I had a heart-to-heart with my nine-year old (without yelling), and told her that being honest about something and facing the consequences is always better than trying to cover up a problem or mistake and hope no one will notice. I apologized for my over reacting, and also for the fact that she didn’t feel safe enough with me to tell me the truth from the beginning. And while my daughter learned a lesson that evening about honesty (or not to play spit-the-water game with gum in your mouth) clearly, the biggest lesson learned was mine.

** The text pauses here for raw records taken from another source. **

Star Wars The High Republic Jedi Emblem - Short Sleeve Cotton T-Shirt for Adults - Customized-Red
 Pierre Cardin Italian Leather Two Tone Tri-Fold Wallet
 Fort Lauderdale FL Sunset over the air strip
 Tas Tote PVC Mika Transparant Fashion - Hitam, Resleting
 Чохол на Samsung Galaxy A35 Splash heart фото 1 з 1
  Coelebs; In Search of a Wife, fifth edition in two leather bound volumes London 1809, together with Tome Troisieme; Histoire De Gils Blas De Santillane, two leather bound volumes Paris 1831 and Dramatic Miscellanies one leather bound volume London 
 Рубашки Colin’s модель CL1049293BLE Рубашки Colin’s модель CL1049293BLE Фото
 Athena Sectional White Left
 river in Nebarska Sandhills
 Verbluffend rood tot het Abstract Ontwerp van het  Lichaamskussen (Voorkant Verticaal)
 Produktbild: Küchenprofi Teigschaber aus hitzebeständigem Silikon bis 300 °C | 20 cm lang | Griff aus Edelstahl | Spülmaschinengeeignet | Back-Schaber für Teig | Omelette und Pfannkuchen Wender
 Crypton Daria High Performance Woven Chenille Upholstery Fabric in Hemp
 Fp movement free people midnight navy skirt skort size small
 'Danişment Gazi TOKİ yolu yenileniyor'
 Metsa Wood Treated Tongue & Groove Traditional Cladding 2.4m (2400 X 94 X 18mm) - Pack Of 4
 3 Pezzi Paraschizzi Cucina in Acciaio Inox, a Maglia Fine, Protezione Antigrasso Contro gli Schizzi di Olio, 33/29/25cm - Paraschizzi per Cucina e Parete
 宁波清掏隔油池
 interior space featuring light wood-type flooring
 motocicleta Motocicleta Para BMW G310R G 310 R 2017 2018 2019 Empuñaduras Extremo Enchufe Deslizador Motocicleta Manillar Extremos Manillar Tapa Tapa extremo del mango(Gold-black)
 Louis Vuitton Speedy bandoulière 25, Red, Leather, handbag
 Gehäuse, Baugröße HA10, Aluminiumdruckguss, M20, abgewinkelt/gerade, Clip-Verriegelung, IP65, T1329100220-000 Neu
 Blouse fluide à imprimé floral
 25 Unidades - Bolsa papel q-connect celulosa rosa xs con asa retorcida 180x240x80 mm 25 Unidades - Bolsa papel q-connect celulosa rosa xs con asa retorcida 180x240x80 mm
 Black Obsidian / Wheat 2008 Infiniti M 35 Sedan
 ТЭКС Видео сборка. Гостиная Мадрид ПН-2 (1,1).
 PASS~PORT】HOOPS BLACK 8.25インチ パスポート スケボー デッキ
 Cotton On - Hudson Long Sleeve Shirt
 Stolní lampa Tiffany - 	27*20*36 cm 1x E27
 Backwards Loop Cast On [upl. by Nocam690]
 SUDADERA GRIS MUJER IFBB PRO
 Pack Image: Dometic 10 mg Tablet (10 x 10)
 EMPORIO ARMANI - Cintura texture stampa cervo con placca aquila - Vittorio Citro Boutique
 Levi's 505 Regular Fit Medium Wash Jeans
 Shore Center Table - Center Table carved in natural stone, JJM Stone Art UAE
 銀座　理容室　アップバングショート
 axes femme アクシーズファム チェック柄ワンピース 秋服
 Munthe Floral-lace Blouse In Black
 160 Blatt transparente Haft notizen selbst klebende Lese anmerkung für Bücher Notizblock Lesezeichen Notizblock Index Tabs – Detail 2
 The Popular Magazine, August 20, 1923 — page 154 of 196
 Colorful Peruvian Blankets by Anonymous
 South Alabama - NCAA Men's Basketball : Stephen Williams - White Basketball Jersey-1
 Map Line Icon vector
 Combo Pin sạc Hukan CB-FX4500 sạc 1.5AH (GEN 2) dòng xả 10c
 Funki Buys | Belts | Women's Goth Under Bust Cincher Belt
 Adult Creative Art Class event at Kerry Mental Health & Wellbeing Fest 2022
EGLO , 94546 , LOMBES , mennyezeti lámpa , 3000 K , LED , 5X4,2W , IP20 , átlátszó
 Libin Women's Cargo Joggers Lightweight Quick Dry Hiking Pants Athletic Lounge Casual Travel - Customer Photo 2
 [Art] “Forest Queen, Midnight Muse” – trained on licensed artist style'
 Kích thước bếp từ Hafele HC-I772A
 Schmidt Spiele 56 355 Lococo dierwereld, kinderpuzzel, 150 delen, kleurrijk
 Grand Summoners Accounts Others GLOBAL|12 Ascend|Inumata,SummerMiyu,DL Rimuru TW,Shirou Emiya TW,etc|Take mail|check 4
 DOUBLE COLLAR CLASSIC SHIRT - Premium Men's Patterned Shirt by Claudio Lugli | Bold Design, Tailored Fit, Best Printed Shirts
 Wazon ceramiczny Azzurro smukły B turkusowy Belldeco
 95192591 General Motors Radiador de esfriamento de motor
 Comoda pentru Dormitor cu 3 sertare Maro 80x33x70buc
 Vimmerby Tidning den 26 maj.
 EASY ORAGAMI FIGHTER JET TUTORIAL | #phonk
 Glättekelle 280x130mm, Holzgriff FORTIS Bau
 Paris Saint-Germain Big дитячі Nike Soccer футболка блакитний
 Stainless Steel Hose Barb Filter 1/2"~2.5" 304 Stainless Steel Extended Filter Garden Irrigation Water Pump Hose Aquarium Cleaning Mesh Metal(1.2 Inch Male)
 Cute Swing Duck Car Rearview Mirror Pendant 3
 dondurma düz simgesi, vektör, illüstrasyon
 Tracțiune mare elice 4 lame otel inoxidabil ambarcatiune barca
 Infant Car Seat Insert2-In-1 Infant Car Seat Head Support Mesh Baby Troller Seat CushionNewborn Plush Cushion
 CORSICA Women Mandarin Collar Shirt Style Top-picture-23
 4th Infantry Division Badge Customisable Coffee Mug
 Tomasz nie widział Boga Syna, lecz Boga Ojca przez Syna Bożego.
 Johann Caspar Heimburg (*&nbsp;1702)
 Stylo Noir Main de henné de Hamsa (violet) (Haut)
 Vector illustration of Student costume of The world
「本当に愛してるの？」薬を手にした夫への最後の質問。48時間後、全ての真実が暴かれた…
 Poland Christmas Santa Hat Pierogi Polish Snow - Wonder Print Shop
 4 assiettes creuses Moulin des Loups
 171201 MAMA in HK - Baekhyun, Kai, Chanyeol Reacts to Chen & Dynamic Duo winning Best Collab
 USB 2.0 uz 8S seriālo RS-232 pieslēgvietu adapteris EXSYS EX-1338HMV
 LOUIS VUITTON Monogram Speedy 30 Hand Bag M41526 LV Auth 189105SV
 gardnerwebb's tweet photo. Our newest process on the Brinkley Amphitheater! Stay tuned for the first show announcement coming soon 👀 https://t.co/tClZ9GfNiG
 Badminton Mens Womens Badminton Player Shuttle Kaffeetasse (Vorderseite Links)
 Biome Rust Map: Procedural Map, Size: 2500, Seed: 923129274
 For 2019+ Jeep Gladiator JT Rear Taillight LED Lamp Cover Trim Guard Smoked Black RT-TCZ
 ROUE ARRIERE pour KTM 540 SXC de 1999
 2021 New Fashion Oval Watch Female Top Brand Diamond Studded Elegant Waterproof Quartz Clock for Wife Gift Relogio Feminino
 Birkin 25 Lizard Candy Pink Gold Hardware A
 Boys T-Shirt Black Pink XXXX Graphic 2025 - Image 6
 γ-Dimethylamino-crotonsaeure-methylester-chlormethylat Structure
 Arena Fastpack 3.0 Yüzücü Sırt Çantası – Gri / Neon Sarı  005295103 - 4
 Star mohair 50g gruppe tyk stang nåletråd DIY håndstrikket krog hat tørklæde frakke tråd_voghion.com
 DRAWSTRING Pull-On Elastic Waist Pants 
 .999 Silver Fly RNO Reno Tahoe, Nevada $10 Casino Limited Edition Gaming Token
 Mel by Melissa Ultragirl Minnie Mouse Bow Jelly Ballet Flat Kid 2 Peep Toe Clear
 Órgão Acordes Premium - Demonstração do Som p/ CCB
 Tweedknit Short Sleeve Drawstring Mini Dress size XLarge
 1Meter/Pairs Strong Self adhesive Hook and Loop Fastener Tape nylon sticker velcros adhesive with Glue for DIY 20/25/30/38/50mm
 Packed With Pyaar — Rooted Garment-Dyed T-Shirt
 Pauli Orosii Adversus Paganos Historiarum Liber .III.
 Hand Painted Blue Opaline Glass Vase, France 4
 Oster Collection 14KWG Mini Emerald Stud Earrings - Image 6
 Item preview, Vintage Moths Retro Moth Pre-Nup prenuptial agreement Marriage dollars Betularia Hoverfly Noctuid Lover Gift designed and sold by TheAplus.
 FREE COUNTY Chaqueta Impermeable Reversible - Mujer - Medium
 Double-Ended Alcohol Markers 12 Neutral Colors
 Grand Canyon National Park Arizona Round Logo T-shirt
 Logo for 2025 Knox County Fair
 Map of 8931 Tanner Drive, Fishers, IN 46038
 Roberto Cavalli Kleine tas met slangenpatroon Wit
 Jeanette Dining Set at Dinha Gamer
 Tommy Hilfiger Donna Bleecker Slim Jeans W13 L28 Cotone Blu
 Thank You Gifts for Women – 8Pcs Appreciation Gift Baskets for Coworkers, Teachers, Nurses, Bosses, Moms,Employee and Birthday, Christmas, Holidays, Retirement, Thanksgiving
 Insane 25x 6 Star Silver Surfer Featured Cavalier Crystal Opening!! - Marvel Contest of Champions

I should shower my three-year old myself.
EastonMom2Girls
7:06 am on Friday, January 14, 2011
OMG that is my life! Someone else is like me! I really thought I was the only one. I still do. Why do these things happen to me and not other people? I always wonder. Keep writing like this so I will feel better then maybe I can get off of my anti-depressants. LOL
Rachel Vidoni
7:58 am on Friday, January 14, 2011
EastonMom2Girls, I assure you, you are not alone! In fact, most of the moms I know have many moments similar to these, they just don't go around talking about them in Starbucks or at the latest school fundraiser. These situations happen to all of us, some more than others, but no family lives the perfect life we see on commercials and in sit coms. (Wouldn't it be nice though?) Unfortunately for my kids, I'm happy to cop to being mediocre; I'm doing the best I can. They'll forgive me eventually, probably when they become parents themselves! Hang in there!